Stored records:
*****

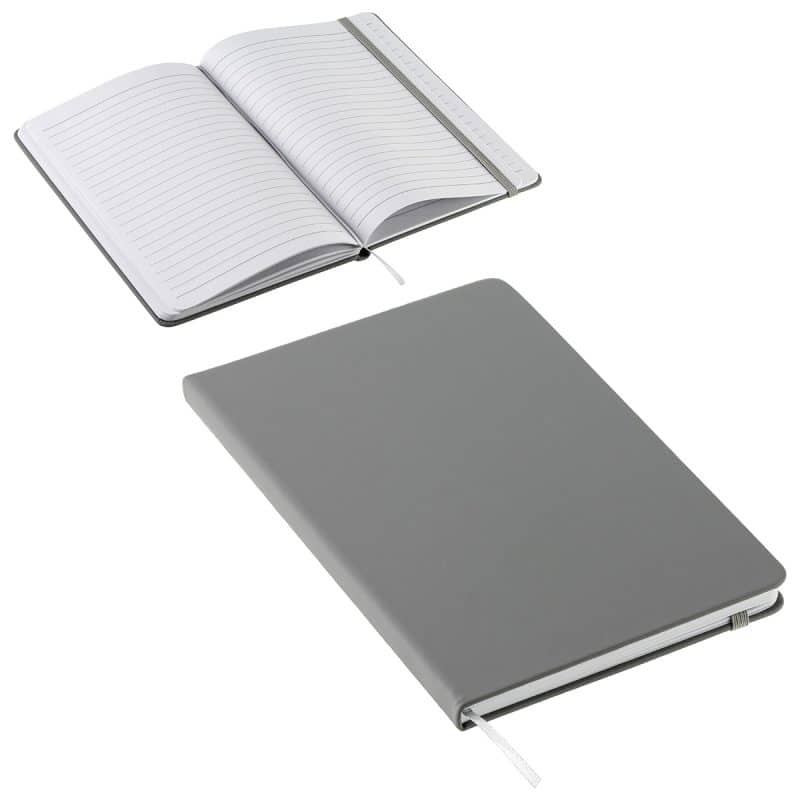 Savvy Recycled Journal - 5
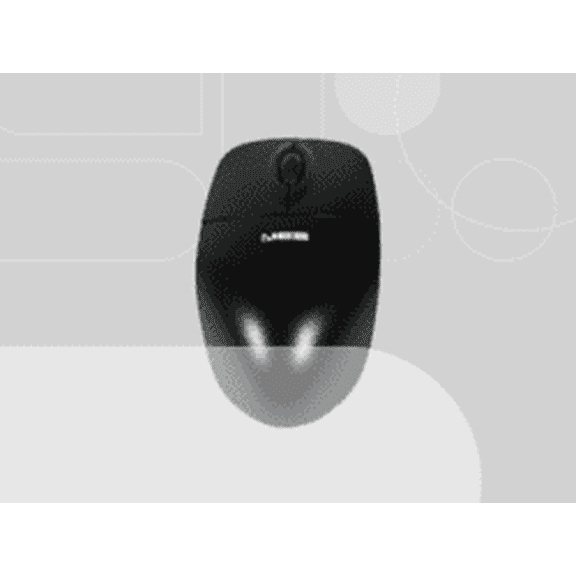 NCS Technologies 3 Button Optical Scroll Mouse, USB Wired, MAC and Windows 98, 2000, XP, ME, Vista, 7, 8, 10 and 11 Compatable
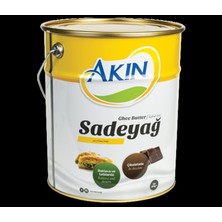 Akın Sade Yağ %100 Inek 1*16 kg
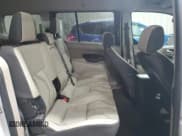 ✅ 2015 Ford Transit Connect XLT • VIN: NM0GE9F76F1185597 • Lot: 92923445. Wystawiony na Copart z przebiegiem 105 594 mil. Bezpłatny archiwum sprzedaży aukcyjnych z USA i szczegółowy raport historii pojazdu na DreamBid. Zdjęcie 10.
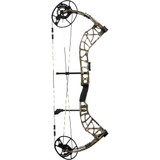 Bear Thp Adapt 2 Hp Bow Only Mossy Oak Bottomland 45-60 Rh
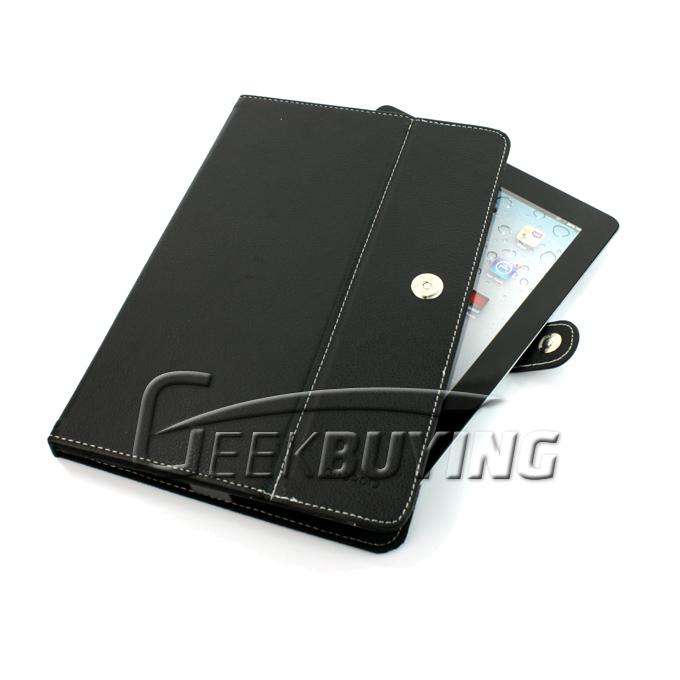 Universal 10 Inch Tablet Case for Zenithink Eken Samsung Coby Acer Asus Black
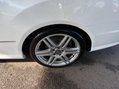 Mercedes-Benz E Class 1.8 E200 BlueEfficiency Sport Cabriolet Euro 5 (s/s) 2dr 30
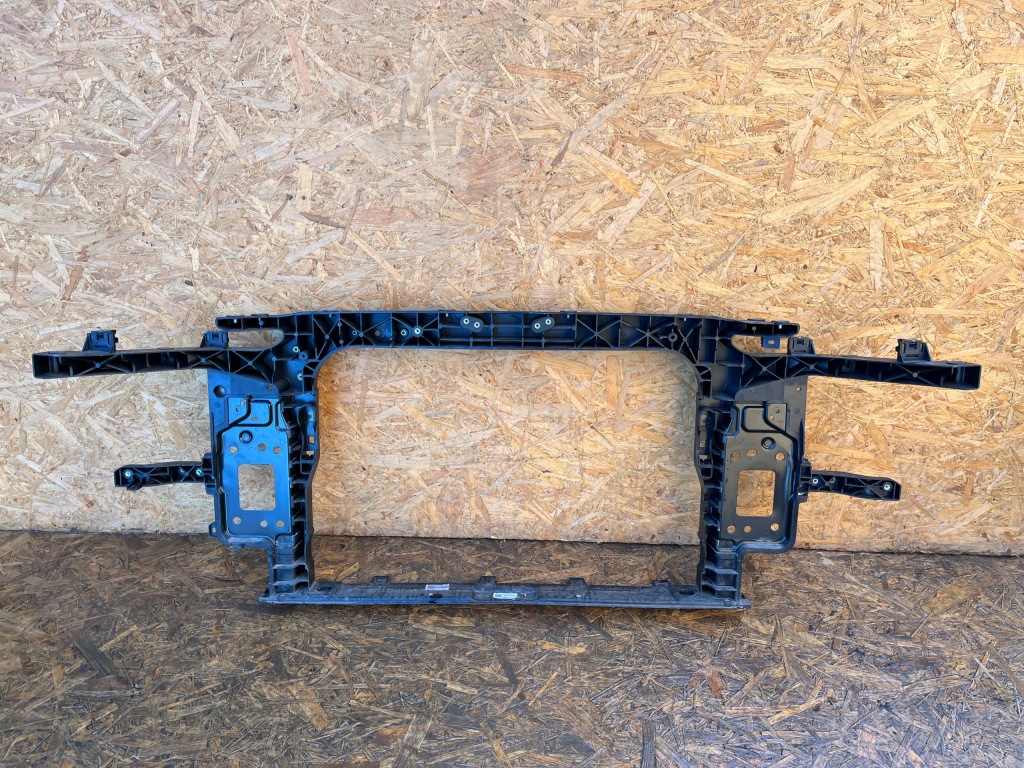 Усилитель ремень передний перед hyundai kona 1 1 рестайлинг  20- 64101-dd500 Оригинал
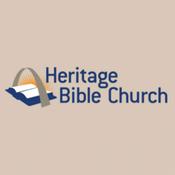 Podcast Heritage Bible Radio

*****

Return only the part above that opens with the line containing "Akın Sade Yağ %100 Inek 1*16 kg" and closes with the line containing "Mercedes-Benz E Class", exactly and with both ends, skipping the pictures.

 Akın Sade Yağ %100 Inek 1*16 kg
 ✅ 2015 Ford Transit Connect XLT • VIN: NM0GE9F76F1185597 • Lot: 92923445. Wystawiony na Copart z przebiegiem 105 594 mil. Bezpłatny archiwum sprzedaży aukcyjnych z USA i szczegółowy raport historii pojazdu na DreamBid. Zdjęcie 10.
 Bear Thp Adapt 2 Hp Bow Only Mossy Oak Bottomland 45-60 Rh
 Universal 10 Inch Tablet Case for Zenithink Eken Samsung Coby Acer Asus Black
 Mercedes-Benz E Class 1.8 E200 BlueEfficiency Sport Cabriolet Euro 5 (s/s) 2dr 30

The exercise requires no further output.